It’s my first day completely alone in months. It took me two hours to clean, do the laundry and make myself some eggplant parmesan for lunch before I could sit down at my desk. My mom is not puttering around any longer, singing softly while mopping the floor or chatting with the dogs as she cooks. The house is really quiet: just the Santa Ana winds, not too strong, rapping at the windows.
I saw her disappear through the crowds at passport control and, the next time I heard her voice, she was having dinner with her sister, in her apartment, the torrid temperatures of Southern California all but left behind. I never said I was sorry. The morning my mother left I got snippy with her: I was trying to concentrate at my laptop and she kept yapping away from the rocking chair in my office, harping on the same thing over and over, until I lifted my head and curtly told her she needed to leave me be for 10 minutes. At which she got up, without complaining, and migrated to the kitchen, where I heard her picking up the phone to call her sister. No, she did not complain about me. She never does, even when I deserve it.
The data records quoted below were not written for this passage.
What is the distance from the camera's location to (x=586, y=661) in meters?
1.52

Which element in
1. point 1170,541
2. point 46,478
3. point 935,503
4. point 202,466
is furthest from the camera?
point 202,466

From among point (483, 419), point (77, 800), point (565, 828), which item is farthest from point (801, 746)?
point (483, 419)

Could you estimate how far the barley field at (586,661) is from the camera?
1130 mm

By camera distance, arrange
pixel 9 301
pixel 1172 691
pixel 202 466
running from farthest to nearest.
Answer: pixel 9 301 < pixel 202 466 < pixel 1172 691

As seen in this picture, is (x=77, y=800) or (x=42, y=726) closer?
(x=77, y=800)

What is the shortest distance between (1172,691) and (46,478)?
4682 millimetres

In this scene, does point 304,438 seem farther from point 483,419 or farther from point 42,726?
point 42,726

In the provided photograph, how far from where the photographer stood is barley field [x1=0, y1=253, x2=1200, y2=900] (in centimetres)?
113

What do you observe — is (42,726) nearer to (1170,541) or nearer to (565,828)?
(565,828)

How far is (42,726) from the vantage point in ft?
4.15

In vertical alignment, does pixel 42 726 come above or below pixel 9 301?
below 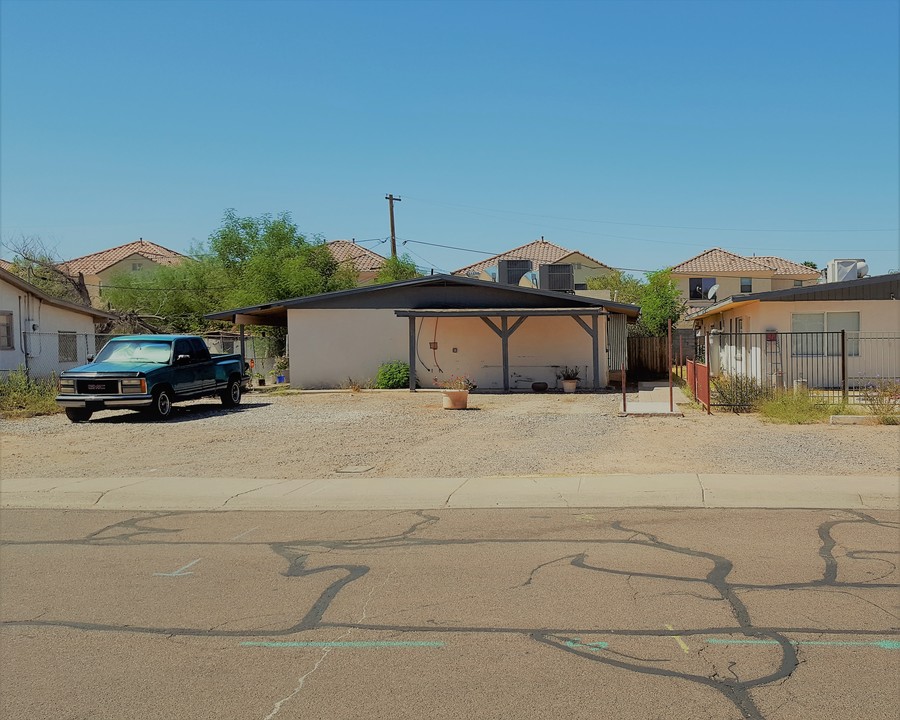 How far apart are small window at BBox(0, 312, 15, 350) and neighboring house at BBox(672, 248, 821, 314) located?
146ft

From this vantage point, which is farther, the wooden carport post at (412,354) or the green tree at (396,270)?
the green tree at (396,270)

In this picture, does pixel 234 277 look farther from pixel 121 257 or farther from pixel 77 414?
pixel 77 414

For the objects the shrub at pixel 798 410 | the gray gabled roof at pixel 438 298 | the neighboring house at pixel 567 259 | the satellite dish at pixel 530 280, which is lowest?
the shrub at pixel 798 410

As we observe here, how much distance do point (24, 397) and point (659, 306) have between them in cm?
3334

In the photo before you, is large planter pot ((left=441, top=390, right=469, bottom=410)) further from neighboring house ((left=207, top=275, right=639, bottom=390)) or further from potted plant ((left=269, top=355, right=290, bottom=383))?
potted plant ((left=269, top=355, right=290, bottom=383))

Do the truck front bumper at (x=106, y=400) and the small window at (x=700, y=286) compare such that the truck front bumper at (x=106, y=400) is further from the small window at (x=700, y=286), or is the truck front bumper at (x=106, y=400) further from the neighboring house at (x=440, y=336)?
the small window at (x=700, y=286)

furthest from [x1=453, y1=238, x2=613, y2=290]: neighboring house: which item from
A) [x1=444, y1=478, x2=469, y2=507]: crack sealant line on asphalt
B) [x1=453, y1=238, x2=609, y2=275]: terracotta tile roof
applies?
[x1=444, y1=478, x2=469, y2=507]: crack sealant line on asphalt

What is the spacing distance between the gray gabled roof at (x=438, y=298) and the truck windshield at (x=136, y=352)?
26.6 feet

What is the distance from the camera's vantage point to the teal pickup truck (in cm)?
1869

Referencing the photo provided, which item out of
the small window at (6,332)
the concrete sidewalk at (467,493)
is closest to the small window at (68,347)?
the small window at (6,332)

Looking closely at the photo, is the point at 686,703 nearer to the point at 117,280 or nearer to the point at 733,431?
the point at 733,431

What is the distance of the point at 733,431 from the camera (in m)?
15.3

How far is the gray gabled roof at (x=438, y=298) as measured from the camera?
27.8 metres

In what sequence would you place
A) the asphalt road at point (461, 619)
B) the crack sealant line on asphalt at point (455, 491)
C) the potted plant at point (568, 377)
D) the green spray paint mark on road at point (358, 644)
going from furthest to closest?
the potted plant at point (568, 377) → the crack sealant line on asphalt at point (455, 491) → the green spray paint mark on road at point (358, 644) → the asphalt road at point (461, 619) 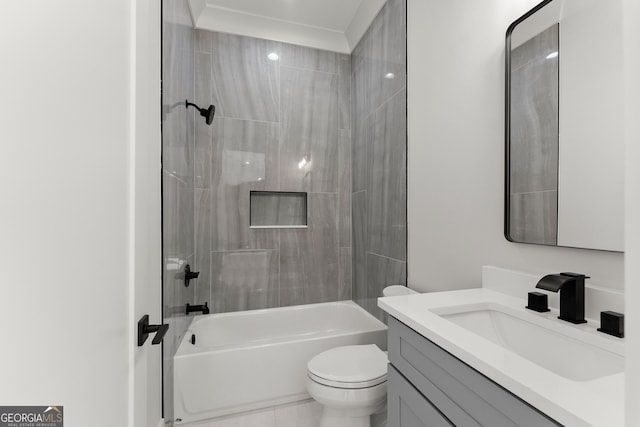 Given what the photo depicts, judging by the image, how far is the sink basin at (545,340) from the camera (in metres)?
0.72

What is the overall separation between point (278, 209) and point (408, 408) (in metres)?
1.90

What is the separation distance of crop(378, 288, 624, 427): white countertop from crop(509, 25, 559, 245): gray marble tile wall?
1.03 ft

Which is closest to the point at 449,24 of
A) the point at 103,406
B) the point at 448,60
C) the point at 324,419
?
the point at 448,60

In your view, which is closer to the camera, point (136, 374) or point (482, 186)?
point (136, 374)

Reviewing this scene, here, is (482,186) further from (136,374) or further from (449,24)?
(136,374)

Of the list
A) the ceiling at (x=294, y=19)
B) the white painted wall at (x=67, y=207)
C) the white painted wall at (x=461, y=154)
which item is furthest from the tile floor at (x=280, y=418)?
the ceiling at (x=294, y=19)

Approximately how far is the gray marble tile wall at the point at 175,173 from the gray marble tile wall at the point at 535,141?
58.0 inches

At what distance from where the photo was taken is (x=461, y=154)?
53.5 inches

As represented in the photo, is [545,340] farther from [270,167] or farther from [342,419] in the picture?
[270,167]

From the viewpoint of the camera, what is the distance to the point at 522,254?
1080 mm

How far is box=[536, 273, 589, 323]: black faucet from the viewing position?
2.63 feet

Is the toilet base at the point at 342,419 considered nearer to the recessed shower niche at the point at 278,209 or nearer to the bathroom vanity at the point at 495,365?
the bathroom vanity at the point at 495,365

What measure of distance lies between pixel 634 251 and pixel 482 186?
1020 mm


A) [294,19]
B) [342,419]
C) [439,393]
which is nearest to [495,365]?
[439,393] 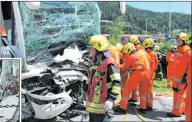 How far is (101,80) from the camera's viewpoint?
113 inches

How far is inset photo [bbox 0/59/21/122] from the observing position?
1.54m

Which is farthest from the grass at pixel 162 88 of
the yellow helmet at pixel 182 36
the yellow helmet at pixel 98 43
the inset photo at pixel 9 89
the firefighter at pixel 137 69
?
the inset photo at pixel 9 89

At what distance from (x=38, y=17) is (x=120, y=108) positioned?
2.35 m

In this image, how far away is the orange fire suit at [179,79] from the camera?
150 inches

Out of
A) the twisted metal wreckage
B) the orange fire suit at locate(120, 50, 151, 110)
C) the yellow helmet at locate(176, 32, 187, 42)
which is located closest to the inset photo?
the twisted metal wreckage

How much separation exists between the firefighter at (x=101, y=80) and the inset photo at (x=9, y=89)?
125cm

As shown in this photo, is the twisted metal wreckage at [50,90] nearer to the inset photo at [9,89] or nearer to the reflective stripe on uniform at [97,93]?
the reflective stripe on uniform at [97,93]

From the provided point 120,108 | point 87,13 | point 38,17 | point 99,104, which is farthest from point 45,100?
point 87,13

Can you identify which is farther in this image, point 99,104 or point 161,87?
point 161,87

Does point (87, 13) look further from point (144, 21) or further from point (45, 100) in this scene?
point (144, 21)

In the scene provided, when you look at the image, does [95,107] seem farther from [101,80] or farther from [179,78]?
[179,78]

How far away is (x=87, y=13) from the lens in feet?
21.5

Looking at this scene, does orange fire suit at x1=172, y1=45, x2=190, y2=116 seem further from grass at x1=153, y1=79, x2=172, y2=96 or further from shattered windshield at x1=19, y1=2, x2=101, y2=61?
shattered windshield at x1=19, y1=2, x2=101, y2=61

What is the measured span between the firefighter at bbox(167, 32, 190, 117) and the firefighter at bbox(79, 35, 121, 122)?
1.21m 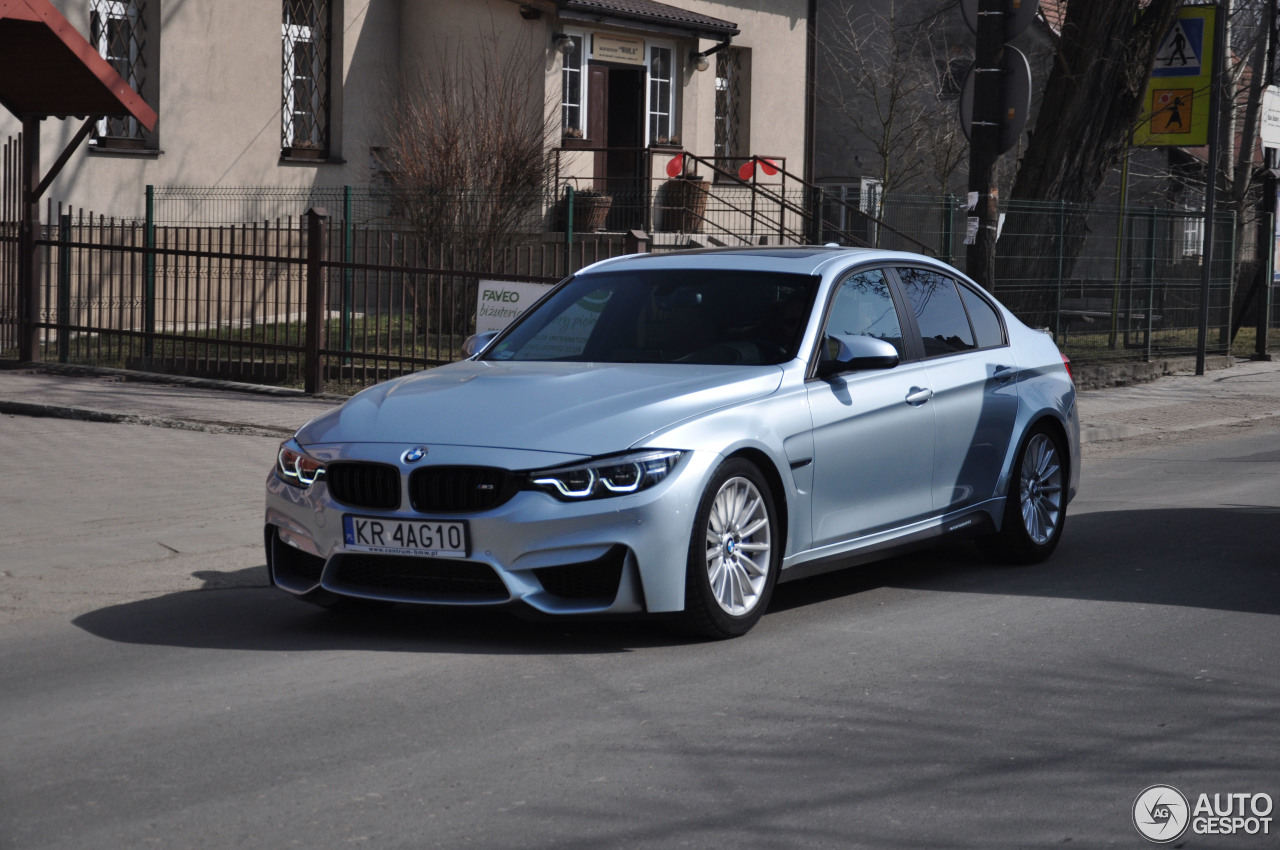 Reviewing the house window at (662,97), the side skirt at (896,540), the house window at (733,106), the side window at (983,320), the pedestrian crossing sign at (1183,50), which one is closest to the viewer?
the side skirt at (896,540)

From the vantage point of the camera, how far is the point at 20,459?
11.0 m

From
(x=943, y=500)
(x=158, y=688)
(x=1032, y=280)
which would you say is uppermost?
(x=1032, y=280)

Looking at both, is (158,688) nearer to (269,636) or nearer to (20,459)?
(269,636)

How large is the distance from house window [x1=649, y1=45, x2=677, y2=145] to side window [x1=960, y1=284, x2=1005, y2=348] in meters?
19.5

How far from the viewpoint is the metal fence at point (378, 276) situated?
609 inches

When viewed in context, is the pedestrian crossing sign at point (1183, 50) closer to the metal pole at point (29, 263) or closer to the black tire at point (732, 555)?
the metal pole at point (29, 263)

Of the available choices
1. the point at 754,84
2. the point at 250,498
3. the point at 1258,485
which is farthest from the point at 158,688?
the point at 754,84

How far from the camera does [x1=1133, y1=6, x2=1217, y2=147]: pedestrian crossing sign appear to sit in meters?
21.5

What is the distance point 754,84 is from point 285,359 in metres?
15.9

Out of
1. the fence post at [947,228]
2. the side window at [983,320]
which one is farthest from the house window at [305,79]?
the side window at [983,320]

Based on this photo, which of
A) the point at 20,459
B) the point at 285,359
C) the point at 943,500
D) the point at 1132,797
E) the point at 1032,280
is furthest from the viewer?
the point at 1032,280

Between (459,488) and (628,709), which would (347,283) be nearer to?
(459,488)

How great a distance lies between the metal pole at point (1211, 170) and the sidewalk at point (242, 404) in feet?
5.63

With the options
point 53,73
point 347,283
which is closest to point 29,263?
point 53,73
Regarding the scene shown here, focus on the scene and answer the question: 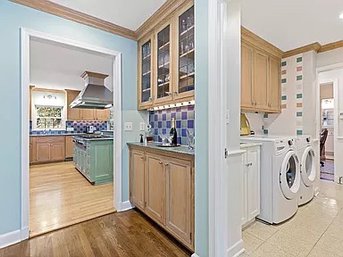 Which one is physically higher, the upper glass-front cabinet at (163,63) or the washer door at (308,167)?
the upper glass-front cabinet at (163,63)

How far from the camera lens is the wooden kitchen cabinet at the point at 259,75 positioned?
2912 mm

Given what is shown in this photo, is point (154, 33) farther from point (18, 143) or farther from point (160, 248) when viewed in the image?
point (160, 248)

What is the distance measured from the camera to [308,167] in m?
3.18

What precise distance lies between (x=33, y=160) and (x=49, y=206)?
13.1ft

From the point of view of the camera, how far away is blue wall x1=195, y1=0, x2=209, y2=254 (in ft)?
5.18

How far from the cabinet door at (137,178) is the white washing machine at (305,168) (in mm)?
2061

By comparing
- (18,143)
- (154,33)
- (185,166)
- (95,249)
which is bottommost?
(95,249)

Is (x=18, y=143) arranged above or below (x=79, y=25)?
below

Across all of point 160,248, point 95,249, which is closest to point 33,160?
point 95,249

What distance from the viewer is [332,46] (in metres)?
3.31

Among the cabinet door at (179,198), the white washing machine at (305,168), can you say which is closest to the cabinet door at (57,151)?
the cabinet door at (179,198)

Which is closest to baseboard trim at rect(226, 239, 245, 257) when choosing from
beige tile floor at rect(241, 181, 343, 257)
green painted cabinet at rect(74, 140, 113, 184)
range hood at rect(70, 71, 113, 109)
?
beige tile floor at rect(241, 181, 343, 257)

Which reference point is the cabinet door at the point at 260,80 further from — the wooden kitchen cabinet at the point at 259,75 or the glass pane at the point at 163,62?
the glass pane at the point at 163,62

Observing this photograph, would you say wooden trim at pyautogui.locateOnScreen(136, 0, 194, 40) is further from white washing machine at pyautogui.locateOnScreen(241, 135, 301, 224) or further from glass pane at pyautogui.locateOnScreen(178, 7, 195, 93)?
white washing machine at pyautogui.locateOnScreen(241, 135, 301, 224) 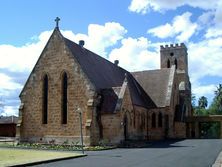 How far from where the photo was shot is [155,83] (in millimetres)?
58406

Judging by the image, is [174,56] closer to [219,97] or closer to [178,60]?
[178,60]

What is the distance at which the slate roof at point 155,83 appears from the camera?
55069 millimetres

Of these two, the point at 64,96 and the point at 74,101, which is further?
the point at 64,96

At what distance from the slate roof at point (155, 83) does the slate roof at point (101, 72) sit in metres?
0.98

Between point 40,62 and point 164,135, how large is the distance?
20.9 m

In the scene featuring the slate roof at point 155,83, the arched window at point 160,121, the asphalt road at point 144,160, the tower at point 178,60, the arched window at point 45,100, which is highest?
the tower at point 178,60

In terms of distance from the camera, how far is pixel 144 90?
188ft

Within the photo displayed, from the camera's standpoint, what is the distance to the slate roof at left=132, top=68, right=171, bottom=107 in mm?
55069

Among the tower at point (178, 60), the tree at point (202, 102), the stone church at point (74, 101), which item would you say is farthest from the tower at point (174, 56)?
the tree at point (202, 102)

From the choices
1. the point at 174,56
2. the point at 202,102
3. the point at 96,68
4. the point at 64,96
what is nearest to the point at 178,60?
the point at 174,56

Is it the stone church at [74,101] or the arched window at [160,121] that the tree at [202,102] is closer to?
the arched window at [160,121]

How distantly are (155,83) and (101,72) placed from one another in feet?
49.7

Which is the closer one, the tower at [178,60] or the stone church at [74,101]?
the stone church at [74,101]

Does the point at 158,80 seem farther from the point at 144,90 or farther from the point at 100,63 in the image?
the point at 100,63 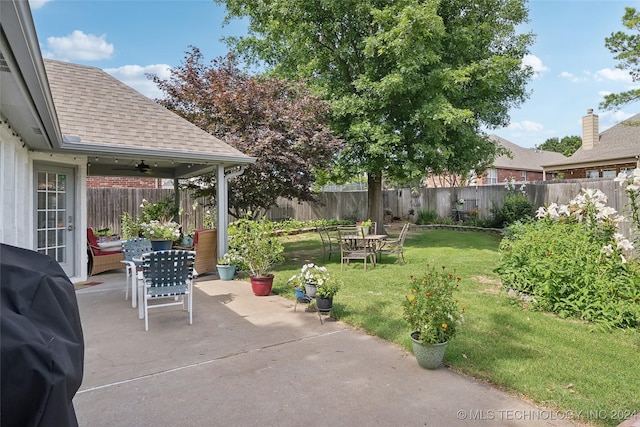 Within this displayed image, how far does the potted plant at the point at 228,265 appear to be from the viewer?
7680 mm

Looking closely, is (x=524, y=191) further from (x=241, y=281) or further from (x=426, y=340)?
(x=426, y=340)

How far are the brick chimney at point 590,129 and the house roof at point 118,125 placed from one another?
23017mm

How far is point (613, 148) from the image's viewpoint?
2105 centimetres

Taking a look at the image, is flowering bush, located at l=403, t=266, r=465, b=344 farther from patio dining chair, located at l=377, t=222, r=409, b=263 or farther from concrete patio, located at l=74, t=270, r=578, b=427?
patio dining chair, located at l=377, t=222, r=409, b=263

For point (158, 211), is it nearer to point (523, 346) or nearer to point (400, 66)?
point (400, 66)

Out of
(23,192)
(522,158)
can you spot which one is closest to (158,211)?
(23,192)

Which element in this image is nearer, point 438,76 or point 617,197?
point 617,197

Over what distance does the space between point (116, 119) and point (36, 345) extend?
773cm

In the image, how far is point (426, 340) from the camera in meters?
3.53

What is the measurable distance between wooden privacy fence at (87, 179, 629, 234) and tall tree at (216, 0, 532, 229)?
3057 millimetres

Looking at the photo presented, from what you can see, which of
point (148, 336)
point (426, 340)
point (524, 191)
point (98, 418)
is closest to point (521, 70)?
point (524, 191)

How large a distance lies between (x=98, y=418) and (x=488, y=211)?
16.9 metres

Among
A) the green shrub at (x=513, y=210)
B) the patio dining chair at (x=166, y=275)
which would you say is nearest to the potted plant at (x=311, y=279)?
the patio dining chair at (x=166, y=275)

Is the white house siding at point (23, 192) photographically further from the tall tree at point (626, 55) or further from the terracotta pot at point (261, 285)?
the tall tree at point (626, 55)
As I write this, in the solitude and quiet of my house, the holiest day of the Jewish calendar is unfolding: the new year has begun, the shofar has announced it and Jews all over are supposed to fast and atone for the sins committed during the year that has just passed. As an extremely secular person, I pick and choose from rituals I am attracted to, or that hold a special meaning, and I find atoning in private more appealing than kneeling in a confessional. And, as my faith in a higher being is stretched thin, to the point of non-existence, I have created my personal ritual of reflection on all the slights and acts of unkindness that stand out in my memory.
Humans, and their interactions, are marked by imperfection although, in the Jewish faith, using imperfection as an excuse won’t get you far: it’s important we remedy our wrongs, or, at the very least, ask for forgiveness of those we hurt. Because of course we are imperfect, and, while striving for perfection is a lost cause, striving for kindness is not.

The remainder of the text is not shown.